_EXERCISE REQUIREMENTS_.
Copy without pictures. Please restate each line of the listing exactly.

_DATA PROVIDED_.
________________________________________

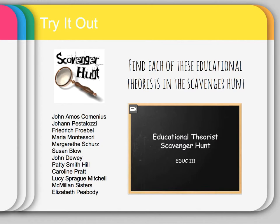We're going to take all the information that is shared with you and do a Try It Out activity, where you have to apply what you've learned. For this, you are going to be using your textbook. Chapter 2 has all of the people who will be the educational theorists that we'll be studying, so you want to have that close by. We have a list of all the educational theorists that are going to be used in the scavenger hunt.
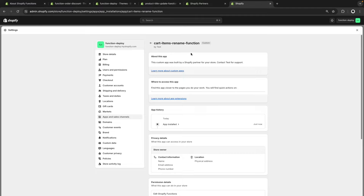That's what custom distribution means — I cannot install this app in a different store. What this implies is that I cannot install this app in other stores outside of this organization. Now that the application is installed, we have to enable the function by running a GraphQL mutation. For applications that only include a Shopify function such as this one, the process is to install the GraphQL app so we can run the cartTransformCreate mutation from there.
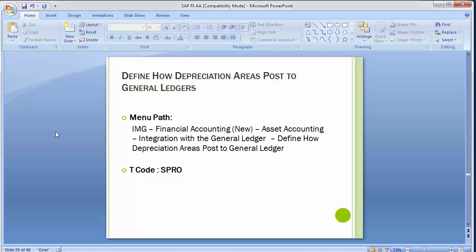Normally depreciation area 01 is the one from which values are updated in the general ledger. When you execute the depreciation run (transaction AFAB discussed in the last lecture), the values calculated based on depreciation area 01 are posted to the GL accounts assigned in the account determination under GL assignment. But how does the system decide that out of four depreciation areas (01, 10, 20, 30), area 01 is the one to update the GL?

________________________________________

_RESPONSE AREA_.
We're going to take all the information that is shared with you and do a Try It Out activity, where you have to apply what you've learned. For this, you are going to be using your textbook. Chapter 2 has all of the people who will be the educational theorists that we'll be studying, so you want to have that close by. We have a list of all the educational theorists that are going to be used in the scavenger hunt.
That's what custom distribution means — I cannot install this app in a different store. What this implies is that I cannot install this app in other stores outside of this organization. Now that the application is installed, we have to enable the function by running a GraphQL mutation. For applications that only include a Shopify function such as this one, the process is to install the GraphQL app so we can run the cartTransformCreate mutation from there.
Normally depreciation area 01 is the one from which values are updated in the general ledger. When you execute the depreciation run (transaction AFAB discussed in the last lecture), the values calculated based on depreciation area 01 are posted to the GL accounts assigned in the account determination under GL assignment. But how does the system decide that out of four depreciation areas (01, 10, 20, 30), area 01 is the one to update the GL?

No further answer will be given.